1. The appeal arises from an order of Paul, J., made in an application of the appellant for grant of letters of administration. She claimed that she was the wife of one S. Rangachariar, who died at Madras leaving a will dated 14-1-1964. He had an account No. 3188 in the United Commercial Bank, Purasawalkam, jointly with the appellant and her daughter one Rebecca. Also, she claimed the death benefit payable by the Arabian Oil Co. In respect of these two items, she applied for Letters of Administration valuing them together at Rs. 59,793.76. The respondent claiming to be the senior wife of the deceased, appeared on the scene at a later stage and contended that the assets left by Ranga-chari amounted to much more than the value mentioned in the affidavit of assets, and that all the assets of the deceased should be valued and brought into the affidavit of assets of the deceased in order that Letters of Administration might be granted subject to other conditions, if any. This objection prevailed with Paul, J., except in respect of the property covered by a sale deed which stood in the name of the appellant
2. Normally, when Letters of Administration are applied for, as envisaged by the provisions of Chapter II of the Indian Succession Act, the entirety of the assets of the deceased should be disclosed in the affidavit of assets which will count for valuation for purposes of court-fee. That this is so, was held in Parthasarathi Naidu In re, : AIR1955Mad411 . As pointed out in that decision, the rule has exceptions as provided by Sections 254 to 257. Though the appellant sought to invoke Section 254(1), in our opinion, the real exception applicable to this case is what is contained in Section 255. Where it is a case of joint account in a Bank and the amount is payable to either or survivor, the nature of the case requires that it is treated as an exception to the general rule we mentioned. This is because, though the will in this case devised the entire assets of the deceased testator in favour of the appellant, inasmuch as the account was joint and the amount standing to its credit was payable to either or survivor, the appellant, as between the Bank and herself would be entitled to draw the same in her own right. On that view, it may not even be necessary to obtain Letters of Administration, for, there is in that case little to administer, and, as we mentioned, her right to draw the amount can be independently of the will. In the case of payment of the death benefit, that again, as we take it, was payable to the wife and though it may not stand on the same footing as the joint account aforesaid, still her right to draw the money as death benefit would likewise arise even independent of the will. That being so, we are inclined to think that this is a case where Letters of Administration are totally unnecessary for the appellant so far as the above two items are concerned.

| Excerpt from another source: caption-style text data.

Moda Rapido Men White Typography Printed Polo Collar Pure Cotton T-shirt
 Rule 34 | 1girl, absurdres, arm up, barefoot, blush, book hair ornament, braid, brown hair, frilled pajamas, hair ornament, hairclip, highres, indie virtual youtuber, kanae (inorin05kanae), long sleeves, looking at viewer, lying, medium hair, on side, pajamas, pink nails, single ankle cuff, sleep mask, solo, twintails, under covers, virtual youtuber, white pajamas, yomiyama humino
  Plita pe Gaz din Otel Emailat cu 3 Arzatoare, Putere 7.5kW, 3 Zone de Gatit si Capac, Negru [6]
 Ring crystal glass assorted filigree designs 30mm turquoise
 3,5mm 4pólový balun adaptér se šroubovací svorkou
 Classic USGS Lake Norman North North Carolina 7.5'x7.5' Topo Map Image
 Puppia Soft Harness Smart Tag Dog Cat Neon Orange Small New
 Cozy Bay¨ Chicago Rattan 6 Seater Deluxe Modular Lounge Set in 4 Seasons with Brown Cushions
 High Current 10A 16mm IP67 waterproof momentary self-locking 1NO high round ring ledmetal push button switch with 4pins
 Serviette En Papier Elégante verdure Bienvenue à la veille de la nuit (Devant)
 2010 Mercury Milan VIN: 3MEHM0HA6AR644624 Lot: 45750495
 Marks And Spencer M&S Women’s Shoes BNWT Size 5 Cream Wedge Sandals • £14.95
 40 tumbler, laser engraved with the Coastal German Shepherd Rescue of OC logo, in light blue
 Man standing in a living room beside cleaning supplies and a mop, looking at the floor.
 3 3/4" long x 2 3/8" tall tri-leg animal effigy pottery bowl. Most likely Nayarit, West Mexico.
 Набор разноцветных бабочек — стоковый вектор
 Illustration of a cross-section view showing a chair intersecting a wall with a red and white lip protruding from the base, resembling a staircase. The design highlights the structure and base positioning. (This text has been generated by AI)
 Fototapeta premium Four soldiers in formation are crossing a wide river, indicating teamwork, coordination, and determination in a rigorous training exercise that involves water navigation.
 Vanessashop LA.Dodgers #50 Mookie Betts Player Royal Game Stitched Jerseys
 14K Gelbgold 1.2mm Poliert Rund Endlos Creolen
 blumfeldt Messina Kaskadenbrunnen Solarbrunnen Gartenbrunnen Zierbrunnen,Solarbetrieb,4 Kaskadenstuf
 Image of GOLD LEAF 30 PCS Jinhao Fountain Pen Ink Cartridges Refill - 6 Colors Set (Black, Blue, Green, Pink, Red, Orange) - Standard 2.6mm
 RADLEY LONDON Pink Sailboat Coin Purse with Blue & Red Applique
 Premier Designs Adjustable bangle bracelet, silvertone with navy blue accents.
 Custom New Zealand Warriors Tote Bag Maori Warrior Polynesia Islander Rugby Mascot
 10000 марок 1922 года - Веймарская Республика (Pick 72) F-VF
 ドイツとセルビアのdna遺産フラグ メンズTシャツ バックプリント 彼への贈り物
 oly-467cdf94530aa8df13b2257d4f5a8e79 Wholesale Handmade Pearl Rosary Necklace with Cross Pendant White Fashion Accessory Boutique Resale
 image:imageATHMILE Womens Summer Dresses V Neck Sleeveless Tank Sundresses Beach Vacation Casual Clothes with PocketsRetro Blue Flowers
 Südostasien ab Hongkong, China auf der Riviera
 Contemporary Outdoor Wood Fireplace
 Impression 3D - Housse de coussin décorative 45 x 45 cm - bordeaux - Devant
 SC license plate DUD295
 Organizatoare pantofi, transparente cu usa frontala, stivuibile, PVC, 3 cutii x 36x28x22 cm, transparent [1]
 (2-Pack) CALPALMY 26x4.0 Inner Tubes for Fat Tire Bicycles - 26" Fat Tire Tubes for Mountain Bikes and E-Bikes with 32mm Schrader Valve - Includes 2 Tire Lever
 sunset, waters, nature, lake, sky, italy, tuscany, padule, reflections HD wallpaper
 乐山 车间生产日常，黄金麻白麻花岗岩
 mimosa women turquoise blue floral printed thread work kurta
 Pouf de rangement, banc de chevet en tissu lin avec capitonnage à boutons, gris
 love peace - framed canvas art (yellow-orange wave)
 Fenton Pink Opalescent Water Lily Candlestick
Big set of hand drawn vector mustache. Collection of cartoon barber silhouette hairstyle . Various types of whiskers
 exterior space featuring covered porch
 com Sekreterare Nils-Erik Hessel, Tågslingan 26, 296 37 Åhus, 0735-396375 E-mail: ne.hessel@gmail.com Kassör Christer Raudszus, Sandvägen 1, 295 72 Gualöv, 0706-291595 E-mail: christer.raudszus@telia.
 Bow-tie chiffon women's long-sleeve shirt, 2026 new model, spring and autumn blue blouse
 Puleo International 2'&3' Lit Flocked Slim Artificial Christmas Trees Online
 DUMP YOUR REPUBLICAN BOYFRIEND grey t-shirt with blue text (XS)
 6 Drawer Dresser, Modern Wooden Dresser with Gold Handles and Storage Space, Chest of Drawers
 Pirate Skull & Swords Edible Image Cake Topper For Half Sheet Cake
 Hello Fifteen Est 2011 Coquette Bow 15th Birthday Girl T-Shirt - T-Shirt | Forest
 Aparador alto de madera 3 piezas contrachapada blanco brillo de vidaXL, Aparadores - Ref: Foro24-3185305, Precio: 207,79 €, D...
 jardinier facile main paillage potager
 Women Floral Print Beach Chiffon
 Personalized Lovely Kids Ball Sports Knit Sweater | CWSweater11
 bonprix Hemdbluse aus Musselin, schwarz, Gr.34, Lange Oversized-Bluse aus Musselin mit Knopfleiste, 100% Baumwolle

3. It is, however, strenuously contended before us that, even on the footing of the amount payable to either or survivor, since there is no presumption in favour of the wife, all that could be said is that there would be a resulting trust in favour of the surviving wife, and that, as the respondent is the senior wife of the deceased, she would be entitled to share that amount. This argument, as we think, is mixed up with the real issue, namely, whether the appellant could invoke any of the exceptions to the general rule. That question does not involve consideration and disposal of the rights of the contesting claimants in respect of the two amounts. From the stand point of administration and the requirement of mentioning the items the deceased left in the affidavit of assets, which will eventually bear on court-fee, we are of opinion that at this stage substantive, rights of the contending claimants do not fall to be decided. All that we are concerned is to see whether the nature of the case requires application of the exception contained in Section 255. We think that, in this case, the nature of the case being such, namely, a joint account payable to either or survivor, the surviving wife is entitled to draw the money in her own right. Apart from that, she is not obliged even to apply, for Letters of Administration. But, since the Bankers, as we are told, had insisted upon such Letters she had applied. In such a case, the court is not barred from granting Letters as a formality to enable the appellant to meet the demands of the Bankers in order to draw the amount. As we opined earlier, the consideration will apply to the other claim on account of the death benefit of the husband.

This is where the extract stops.